# New Savage Straight-Pull Bolt Rifles



## Totentanz (Jan 8, 2021)

I'm not sure WHY I need one of these, but somehow I do...

Savage Arms - IMPULSE BIG GAME
Savage Arms - IMPULSE PREDATOR

ASSuming Savage got it right, a reliable straight-pull bolt rifle is a pretty cool thing on the market, even if it doesn't scratch any other itch.


----------



## ThunderHorse (Jan 8, 2021)

Totentanz said:


> I'm not sure WHY I need one of these, but somehow I do...
> 
> Savage Arms - IMPULSE BIG GAME
> Savage Arms - IMPULSE PREDATOR
> ...



I had never heard of straight-pull action before interesting, and those look sweet!


----------



## Totentanz (Jan 8, 2021)

ThunderHorse said:


> I had never heard of straight-pull action before interesting, and those look sweet!

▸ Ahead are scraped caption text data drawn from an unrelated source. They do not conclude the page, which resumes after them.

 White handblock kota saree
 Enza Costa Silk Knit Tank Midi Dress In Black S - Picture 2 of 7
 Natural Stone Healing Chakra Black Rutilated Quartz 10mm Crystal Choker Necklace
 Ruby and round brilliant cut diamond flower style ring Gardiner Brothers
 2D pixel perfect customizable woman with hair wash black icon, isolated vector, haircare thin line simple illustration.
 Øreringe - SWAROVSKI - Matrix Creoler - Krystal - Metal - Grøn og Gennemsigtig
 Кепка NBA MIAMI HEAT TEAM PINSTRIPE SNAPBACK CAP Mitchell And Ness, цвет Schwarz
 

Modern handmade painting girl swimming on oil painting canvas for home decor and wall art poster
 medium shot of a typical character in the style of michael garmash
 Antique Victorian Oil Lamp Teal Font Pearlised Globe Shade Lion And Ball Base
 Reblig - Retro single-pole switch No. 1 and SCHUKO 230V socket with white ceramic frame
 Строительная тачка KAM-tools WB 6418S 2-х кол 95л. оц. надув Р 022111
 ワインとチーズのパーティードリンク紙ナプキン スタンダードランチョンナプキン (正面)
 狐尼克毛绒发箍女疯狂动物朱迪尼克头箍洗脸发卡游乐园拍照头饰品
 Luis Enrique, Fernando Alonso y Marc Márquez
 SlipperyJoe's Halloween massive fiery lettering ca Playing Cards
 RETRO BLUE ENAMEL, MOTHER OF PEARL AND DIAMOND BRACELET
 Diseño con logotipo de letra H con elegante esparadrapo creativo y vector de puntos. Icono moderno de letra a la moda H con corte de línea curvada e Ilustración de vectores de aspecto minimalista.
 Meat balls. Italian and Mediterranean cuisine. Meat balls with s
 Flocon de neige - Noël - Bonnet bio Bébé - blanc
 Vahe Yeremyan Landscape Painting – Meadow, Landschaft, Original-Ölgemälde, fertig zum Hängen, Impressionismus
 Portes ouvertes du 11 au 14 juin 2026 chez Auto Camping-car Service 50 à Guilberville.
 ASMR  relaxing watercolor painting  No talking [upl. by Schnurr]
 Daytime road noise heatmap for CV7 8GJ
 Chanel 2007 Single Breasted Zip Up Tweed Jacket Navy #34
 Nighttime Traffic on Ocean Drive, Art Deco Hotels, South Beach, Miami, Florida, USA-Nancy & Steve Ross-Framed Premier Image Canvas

Give the Swiss Schmidt-Rubin rifles some research some time, even if it's only 5-10 minutes (there was a whole series of Schmidt-Rubin rifles, the K31 is the most widely discussed if you're looking for a search term).
The rifle is - aside from being one of the most accurate general-issue rifles of the period - one of the coolest military surplus rifles out there.  There were others made with straight-pull actions, none that really achieved the success that the Swiss did in the design.


----------



## Gunz (Jan 9, 2021)

Totentanz said:


> I'm not sure WHY I need one of these...



You never need a reason, bro.


----------